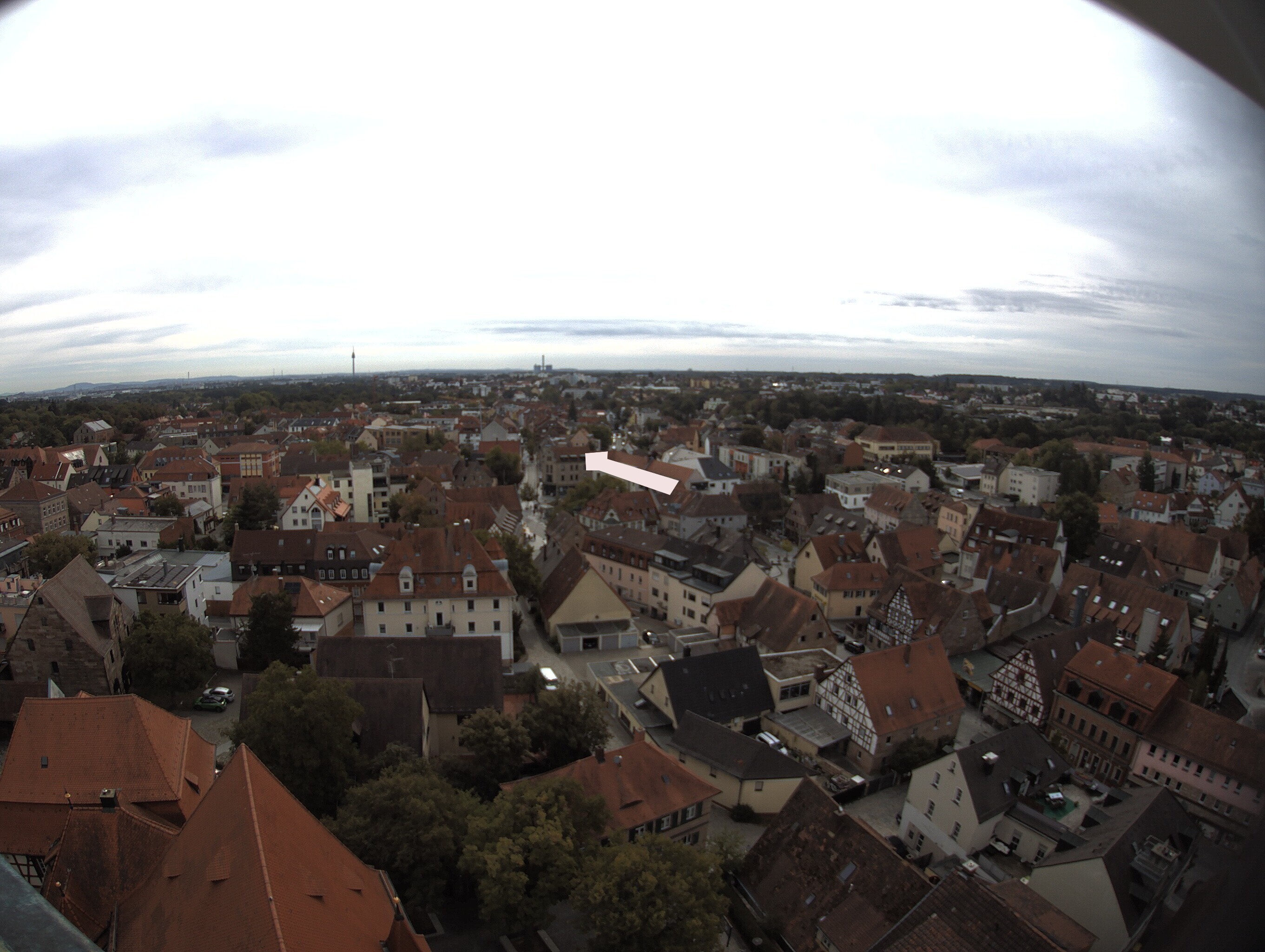 Archiv Foto Webcam Blick auf den Marktplatz von Zirndorf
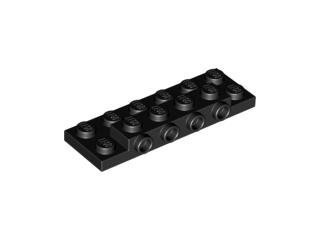 Black Plate Modified 2 x 6 x 2/3 with 4 Studs on Side - LEGO - 87609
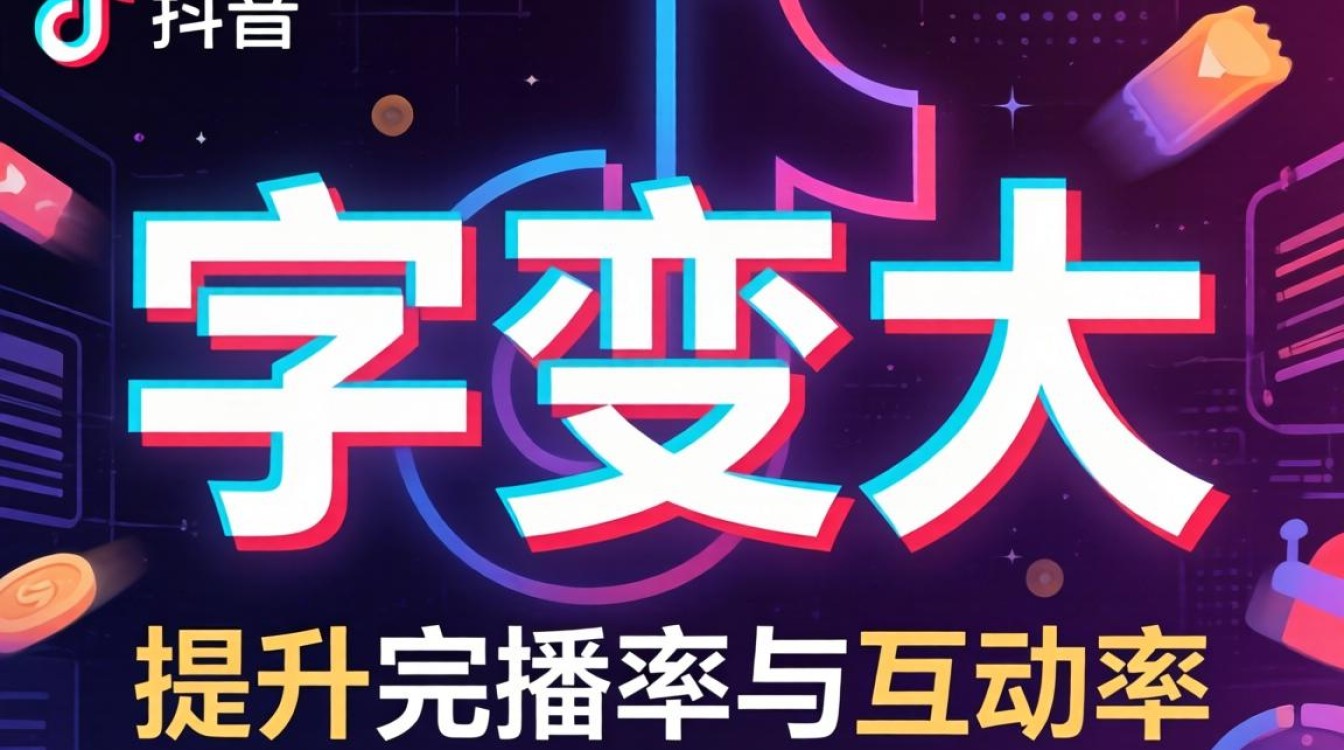 抖音下面的字怎么变大的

Work to be completed> Only the lines from the one with "Black Plate Modified" through the end of the listing should be transcribed, exactly and without pictures.

Result below>
 Black Plate Modified 2 x 6 x 2/3 with 4 Studs on Side - LEGO - 87609
 抖音下面的字怎么变大的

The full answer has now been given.